WHAT IS NEEDED: Copy out all the records, word for word.

SUPPLIED DATA:

[Start of Attachment]

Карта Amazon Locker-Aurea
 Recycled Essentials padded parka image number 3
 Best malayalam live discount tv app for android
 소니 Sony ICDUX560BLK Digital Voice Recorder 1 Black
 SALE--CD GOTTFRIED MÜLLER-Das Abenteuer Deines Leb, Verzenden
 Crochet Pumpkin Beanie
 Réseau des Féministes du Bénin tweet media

[End of Attachment]

OUTPUT FOR THIS EXERCISE:
Карта Amazon Locker-Aurea
 Recycled Essentials padded parka image number 3
 Best malayalam live discount tv app for android
 소니 Sony ICDUX560BLK Digital Voice Recorder 1 Black
 SALE--CD GOTTFRIED MÜLLER-Das Abenteuer Deines Leb, Verzenden
 Crochet Pumpkin Beanie
 Réseau des Féministes du Bénin tweet media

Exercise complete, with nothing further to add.